Rose couldn’t read his expression when he finally lifted his head, a grim apology on his lips. Just as she strained to the tips of her toes and kissed him.
Her stomach twisted with sickly satisfaction when he dropped his cigarette, froze in surprise. There was hesitation, Rose could feel him weighing out a moral and ethical dilemma in the manner of seconds.
And then he kissed her back.
For that moment, she was all he had.
–
Dane should have felt revulsion. Ageless ghost or not, he was more than twice her age. Lalonde or not, she was discreetly vulnerable.
It wasn’t obvious at first. He thought they were just nursing matching wounds. He was trying to place her in heels that were two sizes too big, and she was trying to squeeze him into a teenager’s suit.
It started to click when he began to smell the sea salt in the air.
There were small things that unnerved Rose. When he swore the inky blackness of the woods around her mansion shifted to rainbow tinged sand, Rose would be standing by the window, glaring until it vanished with a blink.

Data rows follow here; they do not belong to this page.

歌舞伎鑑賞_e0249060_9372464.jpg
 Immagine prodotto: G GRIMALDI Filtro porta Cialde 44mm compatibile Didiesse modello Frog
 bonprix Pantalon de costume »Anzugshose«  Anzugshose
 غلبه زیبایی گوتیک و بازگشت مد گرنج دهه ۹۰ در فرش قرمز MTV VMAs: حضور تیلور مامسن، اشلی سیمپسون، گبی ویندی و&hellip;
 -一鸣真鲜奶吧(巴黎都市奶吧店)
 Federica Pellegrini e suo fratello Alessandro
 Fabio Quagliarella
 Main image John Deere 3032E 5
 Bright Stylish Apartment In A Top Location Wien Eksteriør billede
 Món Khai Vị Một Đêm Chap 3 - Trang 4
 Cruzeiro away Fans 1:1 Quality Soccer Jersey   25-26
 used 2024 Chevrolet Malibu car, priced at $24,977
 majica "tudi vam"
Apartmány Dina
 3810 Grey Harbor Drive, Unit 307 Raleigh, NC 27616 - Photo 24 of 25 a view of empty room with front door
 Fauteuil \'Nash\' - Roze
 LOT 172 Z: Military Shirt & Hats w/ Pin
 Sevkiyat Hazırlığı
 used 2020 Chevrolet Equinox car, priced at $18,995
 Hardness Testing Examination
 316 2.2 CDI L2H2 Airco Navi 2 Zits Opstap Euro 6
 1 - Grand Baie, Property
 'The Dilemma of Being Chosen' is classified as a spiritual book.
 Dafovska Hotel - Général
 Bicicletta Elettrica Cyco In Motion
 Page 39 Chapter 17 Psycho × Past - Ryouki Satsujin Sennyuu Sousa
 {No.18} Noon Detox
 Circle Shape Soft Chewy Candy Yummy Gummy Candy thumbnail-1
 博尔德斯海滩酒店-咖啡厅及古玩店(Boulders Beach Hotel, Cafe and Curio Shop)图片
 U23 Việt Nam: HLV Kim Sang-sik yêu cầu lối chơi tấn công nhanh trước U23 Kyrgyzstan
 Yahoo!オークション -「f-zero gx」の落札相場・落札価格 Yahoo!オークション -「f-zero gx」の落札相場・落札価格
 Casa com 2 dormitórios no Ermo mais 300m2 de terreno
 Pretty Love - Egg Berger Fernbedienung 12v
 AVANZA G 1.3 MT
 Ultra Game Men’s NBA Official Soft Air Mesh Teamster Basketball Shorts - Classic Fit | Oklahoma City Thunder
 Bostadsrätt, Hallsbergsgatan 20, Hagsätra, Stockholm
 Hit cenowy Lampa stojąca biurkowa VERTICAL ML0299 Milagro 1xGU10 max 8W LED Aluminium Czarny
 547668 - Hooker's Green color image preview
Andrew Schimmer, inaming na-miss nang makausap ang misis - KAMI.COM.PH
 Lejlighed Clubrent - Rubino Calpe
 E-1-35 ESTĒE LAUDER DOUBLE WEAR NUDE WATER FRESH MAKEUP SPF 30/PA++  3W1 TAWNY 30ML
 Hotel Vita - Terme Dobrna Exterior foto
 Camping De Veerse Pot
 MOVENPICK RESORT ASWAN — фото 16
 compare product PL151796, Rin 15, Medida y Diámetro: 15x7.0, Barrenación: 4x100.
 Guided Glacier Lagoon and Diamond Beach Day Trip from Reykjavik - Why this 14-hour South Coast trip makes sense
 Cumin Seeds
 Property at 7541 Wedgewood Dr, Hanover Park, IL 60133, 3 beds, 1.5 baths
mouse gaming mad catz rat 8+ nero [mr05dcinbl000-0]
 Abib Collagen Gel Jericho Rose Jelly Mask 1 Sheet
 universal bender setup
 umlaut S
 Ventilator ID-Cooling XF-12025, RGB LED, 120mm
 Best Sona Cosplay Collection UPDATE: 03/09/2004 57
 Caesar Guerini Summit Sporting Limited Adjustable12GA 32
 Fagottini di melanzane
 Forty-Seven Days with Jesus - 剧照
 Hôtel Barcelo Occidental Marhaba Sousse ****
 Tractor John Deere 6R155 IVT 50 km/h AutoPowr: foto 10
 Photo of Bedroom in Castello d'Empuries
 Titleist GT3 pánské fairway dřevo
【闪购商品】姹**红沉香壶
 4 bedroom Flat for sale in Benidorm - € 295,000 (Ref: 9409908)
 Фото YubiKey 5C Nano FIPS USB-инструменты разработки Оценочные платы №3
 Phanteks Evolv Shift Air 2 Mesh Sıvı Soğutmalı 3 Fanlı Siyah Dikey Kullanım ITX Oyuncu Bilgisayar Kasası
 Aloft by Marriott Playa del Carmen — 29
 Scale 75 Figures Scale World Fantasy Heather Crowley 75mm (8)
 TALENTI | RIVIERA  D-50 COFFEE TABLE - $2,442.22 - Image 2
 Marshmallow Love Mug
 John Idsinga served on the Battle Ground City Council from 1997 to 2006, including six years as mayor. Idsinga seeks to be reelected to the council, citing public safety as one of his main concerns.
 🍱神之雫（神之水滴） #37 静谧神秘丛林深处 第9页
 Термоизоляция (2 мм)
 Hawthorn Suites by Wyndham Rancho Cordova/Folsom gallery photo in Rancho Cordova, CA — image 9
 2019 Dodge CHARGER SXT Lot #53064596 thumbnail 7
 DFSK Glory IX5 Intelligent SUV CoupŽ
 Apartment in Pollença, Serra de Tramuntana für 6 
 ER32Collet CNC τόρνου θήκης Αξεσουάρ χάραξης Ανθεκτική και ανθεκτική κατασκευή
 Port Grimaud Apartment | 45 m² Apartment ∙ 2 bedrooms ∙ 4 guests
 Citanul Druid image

Once, when his mouth was pressed to her throat to leave another dark, dark mark on her skin, her throaty groan was swallowed by the crashing of waves. It was her nails, leaving red streaks against his back that stopped him from looking up.
It was in the way she couldn’t stop shivering in his arms; he couldn’t bring himself to ask her what it meant.
–
They were content.
Rose provided him with stability, a home that would never fluctuate no matter how many times he swore he could see that woman in the shadows. She knew how to distract his mind, to prod and push to find out about a life she could never live. He was even beginning to recreate meals, memories and moments to show her.
They went to the first premiere of his movie together, wine on her lips and pearl earrings that dropped to her slender throat. The cameras flashed, from people that were long dead and desperate to see the woman on his arm.
He bought her popcorn, bleeding with butter and sticky to their fingers as the trailers began.
It was halfway through that he asked.
Dane had thought about what he gave her. Probably company, a familiar face and a lost sheep to care for.
But when he asked her about where her Dave was, while her empty eyes were reflecting the screen in front of them, it seemed to click .
Rose didn’t reply, only staring ahead as he felt it.
The water that began to gently lap at her heels, at his polished shoes.